When Hopson became ill, Associated was controlled by a junta consisting of his old partner J. I. Mange; Hopson's three sisters (Norma Jones, Perle Hopson, Amy Starch) ; his brother-in-law, Commercial Research's famed Dr. Daniel Starch. A few weeks ago Mr. Mange went calling on Jesse Jones to see about arranging an RFC loan. Soon Associated got the idea thai Mr. Jones's price for making the loan was a finger in management. Last week, Associated acquired a new president, a veteran Washington lawyer named Roger Whiteford, who is given to lecturing on the trial of Christ; who is a buddy of the Hopson sisters' lawyer, ex-Attorney General Homer Cummings. Pleading ill health, Junta Member Mange resigned as president, board chairman.

Associated evidently believed that after this its RFC loan had been arranged. To New York banks, on the alert for good loans; to other utilitarians, who would like various pieces of Associated; to non-RFC New Deal utility watch dogs, Associated seemed overoptimistic about what the loan could accomplish for it.

Not Associated directly, but its good operating company, NY PA NJ Utilities Co. (Nypan), is trying to borrow money so that Associated can pay off an $8,589,-980 (8%) bond issue which is due March 15, 1940. Also overdue is $5,780,000 owed the U. S. Treasury by Associated as the balance of an $8,700,000 settlement of a $50,000,000 tax claim. Mange wants RFC to lend NY PA NJ enough to pay off the bonds, pay the taxes; he is also asking for another lump for construction, $26,500,000 in all. The catch is that SEC must approve NY PA NJ's passing any part of the loan upstream to its parent, Associated.

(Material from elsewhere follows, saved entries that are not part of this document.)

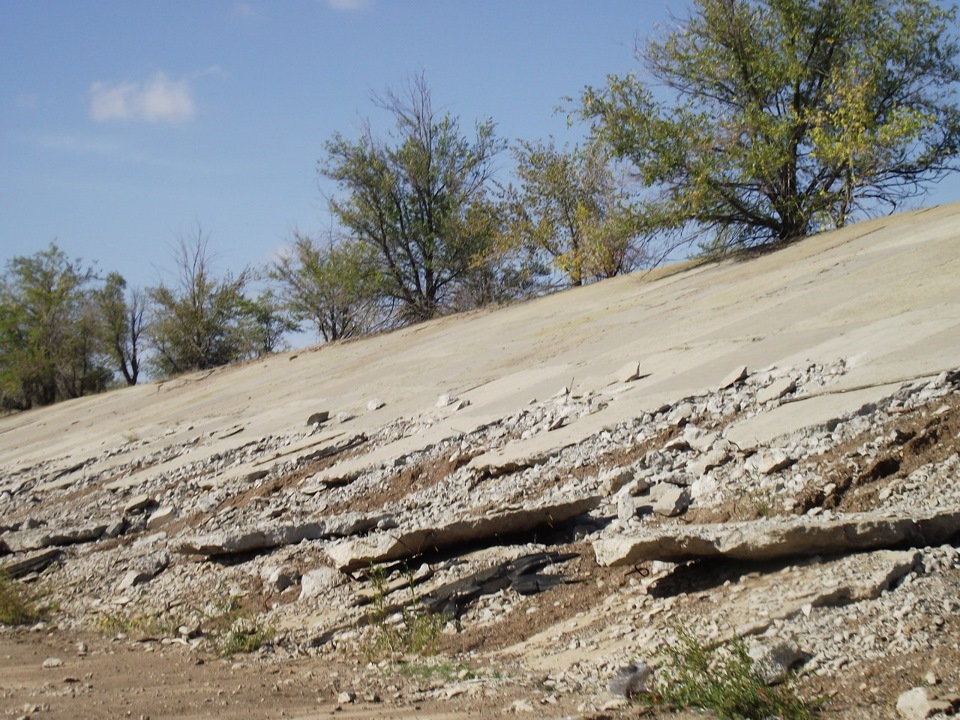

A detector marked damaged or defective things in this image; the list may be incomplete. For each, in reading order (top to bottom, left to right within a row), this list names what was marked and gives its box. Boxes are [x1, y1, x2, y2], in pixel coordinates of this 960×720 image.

broken concrete slab [172, 512, 386, 556]
broken concrete slab [330, 498, 600, 572]
broken concrete slab [592, 506, 960, 568]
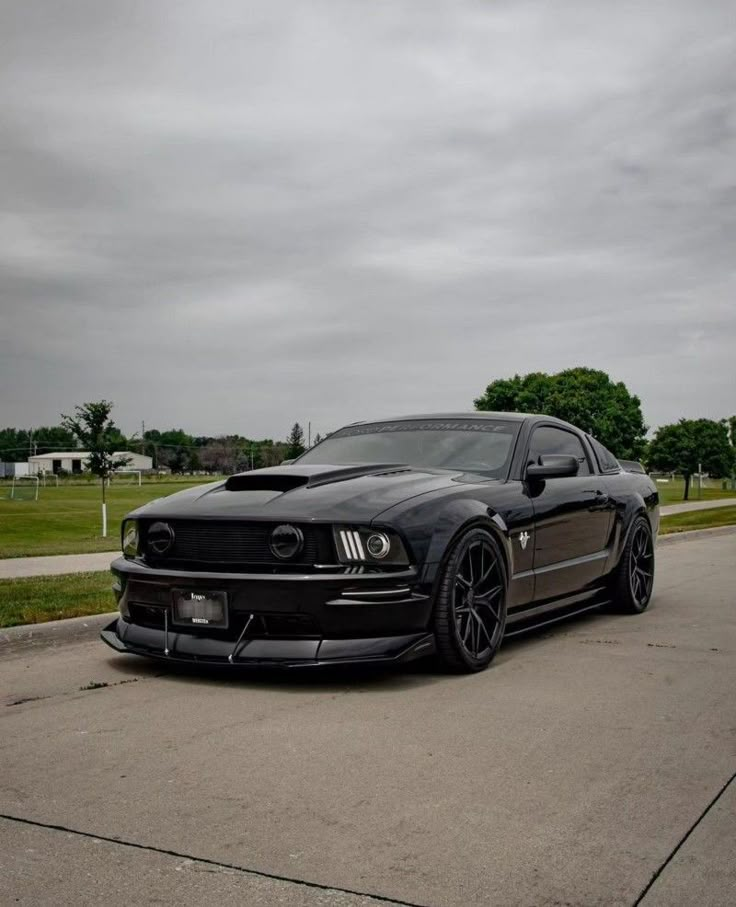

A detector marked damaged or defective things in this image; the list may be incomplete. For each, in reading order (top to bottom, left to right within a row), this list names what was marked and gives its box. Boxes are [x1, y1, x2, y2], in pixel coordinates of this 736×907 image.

crack in pavement [0, 816, 432, 907]
crack in pavement [628, 768, 736, 907]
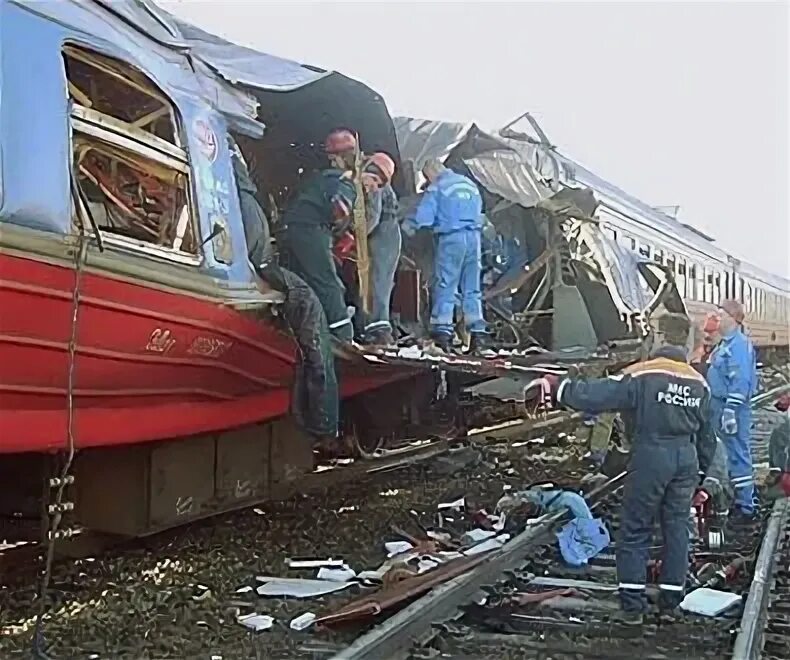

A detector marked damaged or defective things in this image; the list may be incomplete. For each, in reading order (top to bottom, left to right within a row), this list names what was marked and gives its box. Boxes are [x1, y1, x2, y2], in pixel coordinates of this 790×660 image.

If the great boom had given Associated a few more palmy years, it might have succeeded in merging with another $1,000,000,000 system, Standard Gas and Electric Co. Standard runs 26 operating utilities, among them Pittsburgh's large Duquesne Light Co. and Wisconsin Public Service Co. For years Standard was controlled by Chicago's private utility bankers, H. M. Byllesby and Co. Nowadays, Byllesby plays second fiddle in Standard to Manhattan's up-&-coming, bargain-hunting Syndicateer Victor Emmanuel.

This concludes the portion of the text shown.